--- Task directions ---
Across the listing below, work out how many lines include the word "Certified". Give the number alone.

--- Material provided ---
----

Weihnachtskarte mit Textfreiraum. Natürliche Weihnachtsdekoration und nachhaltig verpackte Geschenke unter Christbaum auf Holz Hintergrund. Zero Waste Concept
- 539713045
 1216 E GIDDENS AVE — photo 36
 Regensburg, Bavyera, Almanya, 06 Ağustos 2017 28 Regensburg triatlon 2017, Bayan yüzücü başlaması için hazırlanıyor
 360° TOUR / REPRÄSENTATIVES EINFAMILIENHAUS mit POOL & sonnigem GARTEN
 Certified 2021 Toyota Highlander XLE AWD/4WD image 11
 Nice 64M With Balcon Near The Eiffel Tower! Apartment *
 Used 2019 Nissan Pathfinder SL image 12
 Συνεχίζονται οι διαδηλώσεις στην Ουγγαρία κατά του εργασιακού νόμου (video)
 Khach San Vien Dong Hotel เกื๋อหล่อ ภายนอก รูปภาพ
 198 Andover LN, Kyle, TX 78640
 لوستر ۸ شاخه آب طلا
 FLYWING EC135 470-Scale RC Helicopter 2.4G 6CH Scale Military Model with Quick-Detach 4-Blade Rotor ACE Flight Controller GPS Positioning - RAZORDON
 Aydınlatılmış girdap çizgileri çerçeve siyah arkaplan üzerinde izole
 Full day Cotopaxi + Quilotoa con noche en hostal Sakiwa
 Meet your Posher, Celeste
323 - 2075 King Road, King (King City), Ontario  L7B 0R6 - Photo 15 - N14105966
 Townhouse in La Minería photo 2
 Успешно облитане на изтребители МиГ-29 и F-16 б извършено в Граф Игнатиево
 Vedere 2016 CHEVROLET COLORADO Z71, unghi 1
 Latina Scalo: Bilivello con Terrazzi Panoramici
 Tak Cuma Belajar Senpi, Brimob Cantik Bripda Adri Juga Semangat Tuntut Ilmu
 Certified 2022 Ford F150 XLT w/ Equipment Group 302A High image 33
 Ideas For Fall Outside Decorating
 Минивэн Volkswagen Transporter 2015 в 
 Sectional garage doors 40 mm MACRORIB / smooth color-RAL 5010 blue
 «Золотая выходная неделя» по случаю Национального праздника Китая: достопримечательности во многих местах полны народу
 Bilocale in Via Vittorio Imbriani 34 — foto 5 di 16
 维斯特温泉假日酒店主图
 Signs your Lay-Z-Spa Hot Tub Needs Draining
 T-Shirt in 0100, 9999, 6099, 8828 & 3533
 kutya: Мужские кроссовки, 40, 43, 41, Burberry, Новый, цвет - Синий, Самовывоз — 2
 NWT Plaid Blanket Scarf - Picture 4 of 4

----

--- Result for this task ---
2